# Blindfold method name conflict.



## Kenneth (Jan 14, 2010)

Abbrevation; *OP*

Is that Old Pochmann or Orient and Permute?

It has been used for both I've seen so there is a name conflict here.

I got suggestions for alternative abbrevations to avoid that: *Ol'P* and *O&P*.

That's what I use since I understood it is a conflict


----------



## Toad (Jan 14, 2010)

I've never seen OP written on its own for Orient & Permute... Only ever seen it as 3OP...?

But I tend to refer to Old Pochmann by the full name anyway just to be sure.


----------



## Kenneth (Jan 14, 2010)

Ah, thank's, forgot about 3OP, many uses that for the latter.


----------



## cmhardw (Jan 14, 2010)

Wasn't there a strong push to call it Classic Pochmann a while ago? I try to always say Classic Pochmann and never Old Pochmann because of this. Did this change back at some point?

Chris


----------



## Stefan (Jan 14, 2010)

cmhardw said:


> Wasn't there a strong push to call it Classic Pochmann a while ago?

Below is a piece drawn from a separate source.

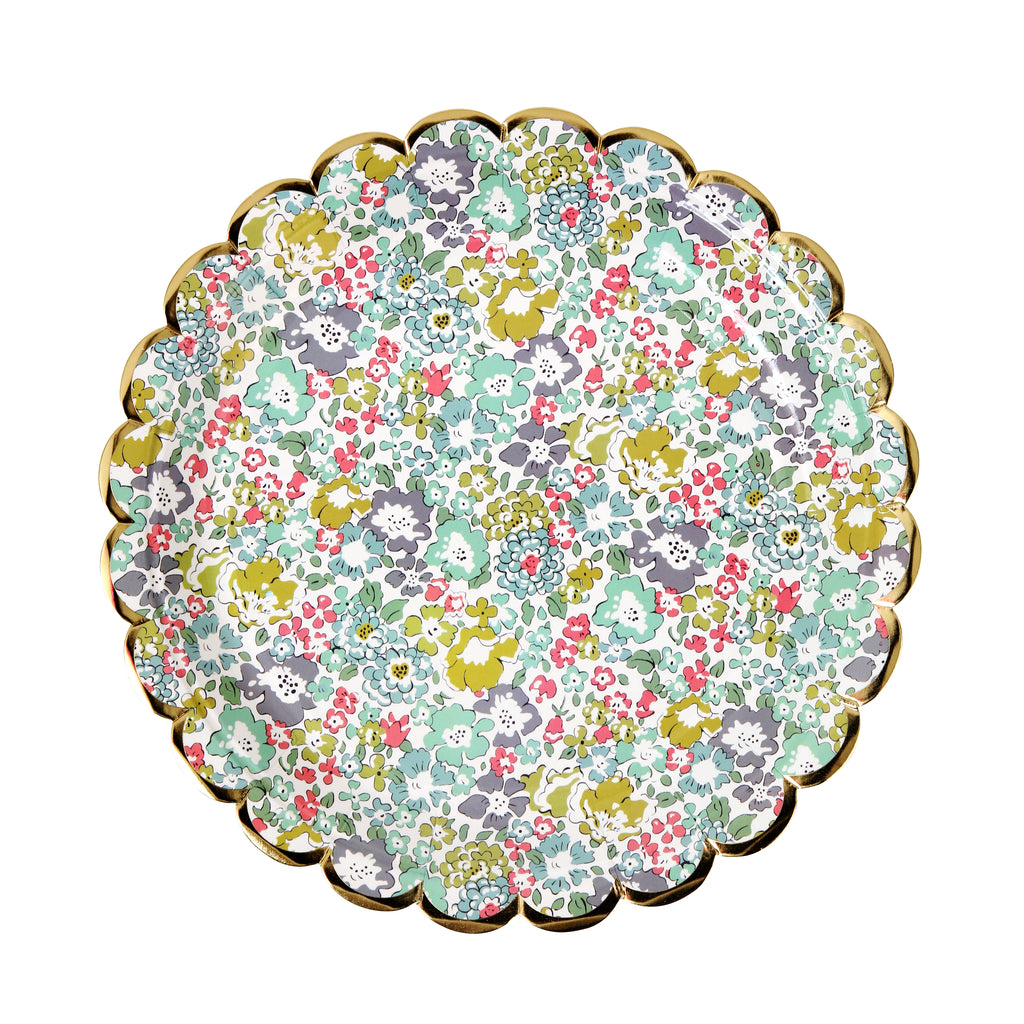 Assorted Liberty Paper Plates (Small)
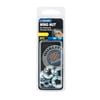 Zenith 5/16" Zinc Plated Wing Nut - 4 Pack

I think it started here (see posts of Arnaud, Shelley, me and Kian):
http://www.speedsolving.com/forum/showthread.php?t=5737
I was mainly joking, though. Well, "classic" does sound elegant and less obsolete than "old", but I'm fine with "old".

Back on topic: Classic Pochmann would be "CP" which also stands for corner permutation. On the other hand, I think the context probably prevents confusing these.


----------



## Lucas Garron (Jan 14, 2010)

StefanPochmann said:


> Back on topic: Classic Pochmann would be "CP" which also stands for corner permutation. On the other hand, I think the context probably prevents confusing these.


ClaP?
ClasP?



Lucas Garron said:


> How about something like "orisolve" and "permsolve"? Except preferably better-sounding.


Forgot about that already. Any modern opinions on using these to talk about 3OP?


----------



## Kenneth (Jan 14, 2010)

StefanPochmann said:


> Back on topic: Classic Pochmann would be "CP" which also stands for corner permutation. On the other hand, I think the context probably prevents confusing these.



And OP are big cube paritys, but as you siad, the context makes difference.


----------



## Sakarie (Jan 14, 2010)

Lucas Garron said:


> StefanPochmann said:
> 
> 
> > Back on topic: Classic Pochmann would be "CP" which also stands for corner permutation. On the other hand, I think the context probably prevents confusing these.
> ...



The idea of having different names for the different part of the solves is good, but I don't know if it's worth to try to make it "official". There will always be people not understanding.


----------